1.  At the end, we had a series of events within a 24 hour period, which all compounded to create a second series of extremely close calls that served to make the escape ever so much more dramatic than it really was.  (Listen to  David Edelstein's review "Too good to be true because it isn't" on Fresh Air which I heard when I got home and confirmed my reaction at the end of the movie.)
  • a.  The Iranians put hundreds of little kids to work piecing together the shredded Embassy documents, including profiles of everyone working in the embassy.  Nice detail, I'm sure it happened. But it's only on the day of the escape they put together the face of one of the six at the Canadian ambassador's house who is about to leave the country with Canadian passports under the ruse they are a film crew.
  • b.  The film crew is escorted through the bazaar in Tehran to scout it for the movie the day before the departure.  Each of them is surreptitiously photographed.  OK so far.  But somehow the recovered shredded picture is matched to the photo and the information gets sent to the officials checking passengers at the airport.  Remarkable efficiency and coordination.
  • c.  The night before the scheduled departure, Washington DC calls Iran to cancel the project.  The CIA officer leaves the six thinking he's going to pick them up in the morning.  Overnight he decides to defy his orders and do it.  He calls his DC boss on the Canadian ambassador's safe phone, just before the Canadians smash it and the ambassador flees.  He talks just long enough to say he's doing the job and hangs up.
  • d.  The DC guy he talked to realizes that the Swiss Air tickets had been cancelled and goes through a series of actions to get the White House to reauthorize the project and the tickets. 
  • e.  The fake production office in Burbank is notified to shut down because the project is off.  The two Hollywood guys then get notified (this wasn't completely clear) that the project is back on, but get blocked from the office because a film is being shot between them and the office as the airport security is calling them to check if the film is real.  No one answers.  They finally walk through the shoot as the Iranian security guy tries one more time and they answer it on the 14th or 15th ring, just as he is about to hang up.  They satisfy the guard who now allows the  group to proceed to the plane.  Fortunately in the movies time zones don't matter, and it's the middle of the day in Tehran and in Burbank even though in real life when it's 8:30am in Tehran, it's 10 pm in Burbank. 
  • f.  At the ticket counter the airline person finds no reservations on the computer for the group.  Flash to DC and the guy calling to reauthorize the tickets.  Flash to Tehran airport as the CIA guy asks the person to check again.  In less than half a minute, they reappear.  Alaska Airlines ticketing was down all morning last week, but in 1979, between DC, Switzerland, and Tehran, they got the tickets back online in 30 seconds.

You get the picture.  So do the Iranians - they reconstructed the shredded one and match it to the photo - and call the right people at the airport just as the group boards the bus to the waiting plane.  The guards come running after them.  The glass sliding door is locked.  They smash it with their guns.  (Cue the photo above .) And suddenly half a dozen vehicles and soldiers (how did they find all of them in those seconds?) are chasing down the runway in an attempt to stop the plane which is starting to taxi.  The CIA guy sees them out the window overtaking the plane as the pilot pulls the lever and the plane speeds down the runway and into the air.

It was just too much and too unbelievable for me.

There were lots of good parts.  The storming of the embassy seemed plausible and gave me a sense of the impending mob and the helplessness of those inside.

Starting the film with the 1953 CIA coup  that overthrew Iran's first democratically elected president and the installing of the shah gave the film a documentary feel with an un-Hollywood spin that gave serious historical context to the film.  But we forget the history lesson of Iran's hijacked budding democracy by the end of the movie and the Hollywood ending when we're rooting for the escape and the Iranians are the villains.  The ride to the bazaar with the car being jostled by the mob also gave a realistic sense of being out of control and trapped.
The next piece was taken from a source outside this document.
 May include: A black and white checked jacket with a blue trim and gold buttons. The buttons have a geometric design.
It reminded me of scenes in The Year of Living Dangerously.  Did they actually get caught in a protest mob?  I'm guessing not.  They probably didn't go to the bazaar for a scouting trip even.  But these were at least plausible.  And I realize that in a two hour film you have to crunch a lot of events.

The two Hollywood characters - Alan Arkin and John Goodman - have great parts and do a wonderful job of taking jabs at the Hollywood culture.  Now that's something the screenwriter probably knows something about.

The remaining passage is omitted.